BEGIN Material for this task
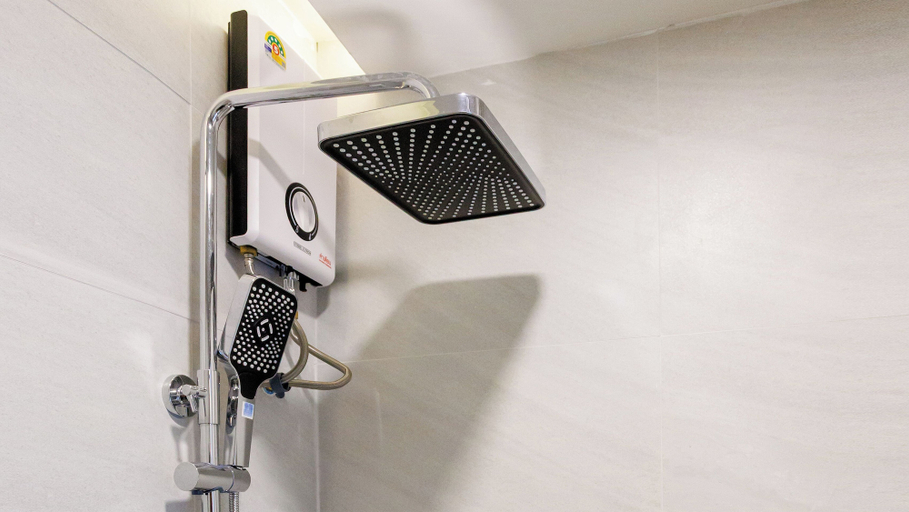 Bathroom 4, B2 Huai Khwang Boutique & Budget Hotel, Huai Kwang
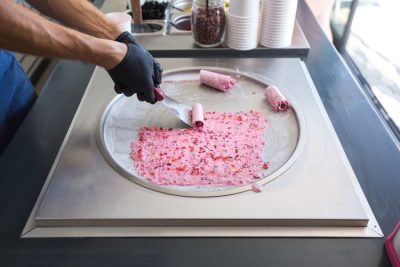 Es Krim Roll Peluang Bisnis Manis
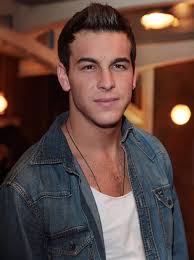 Mario Casas es 'Carne de Neón' en la nueva comedia negra de Paco Cabezas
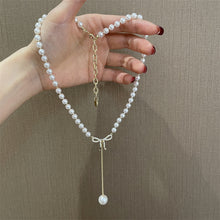 Laden Sie das Bild in den Galerie-Viewer, Damen Schleife Halskette mit Perlenanhänger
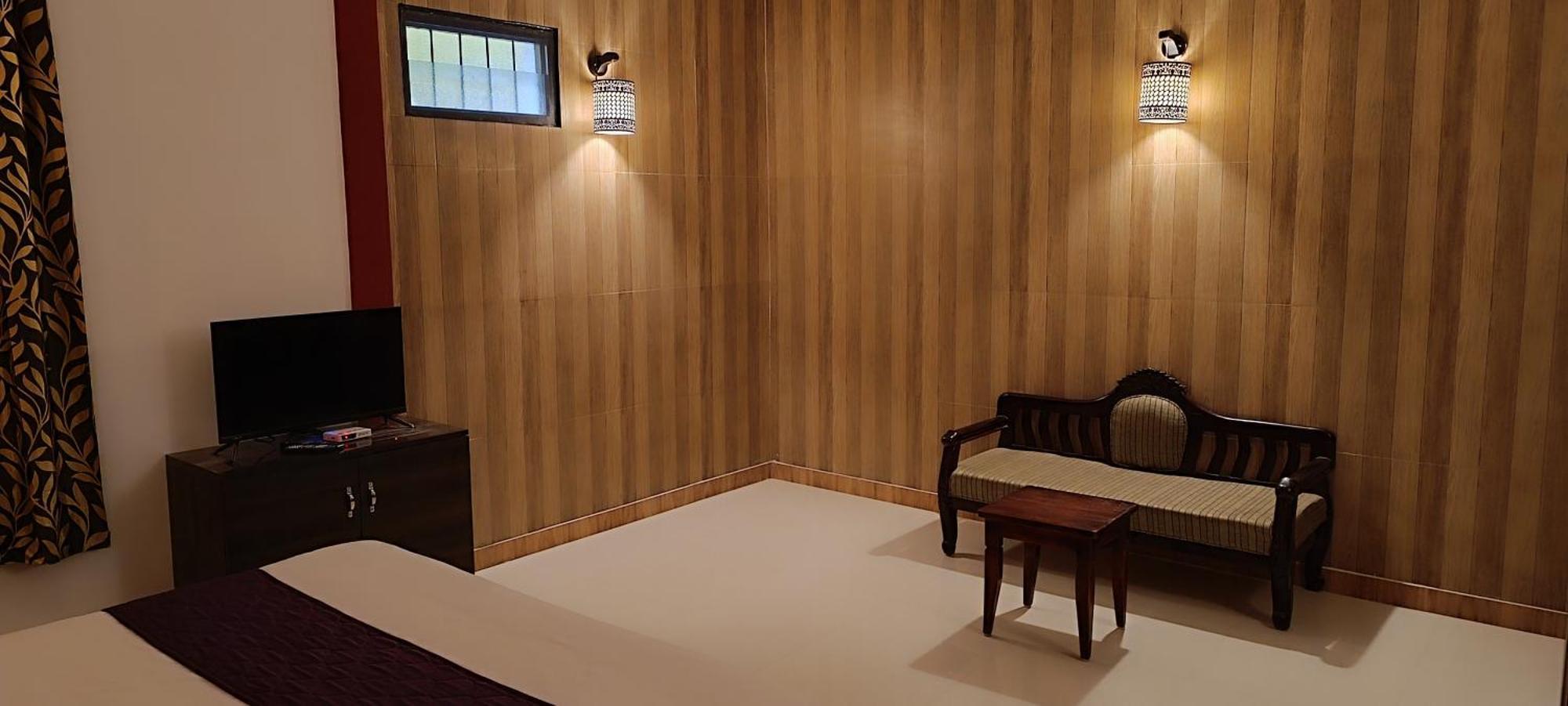 Premier Hotel Yercaud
END Material for this task
# Requirement:
Extract the full listing above verbatim; pictures are to be left out of the copy.

# Problem solution:
 Bathroom 4, B2 Huai Khwang Boutique & Budget Hotel, Huai Kwang
 Es Krim Roll Peluang Bisnis Manis
 Mario Casas es 'Carne de Neón' en la nueva comedia negra de Paco Cabezas
 Laden Sie das Bild in den Galerie-Viewer, Damen Schleife Halskette mit Perlenanhänger
 Premier Hotel Yercaud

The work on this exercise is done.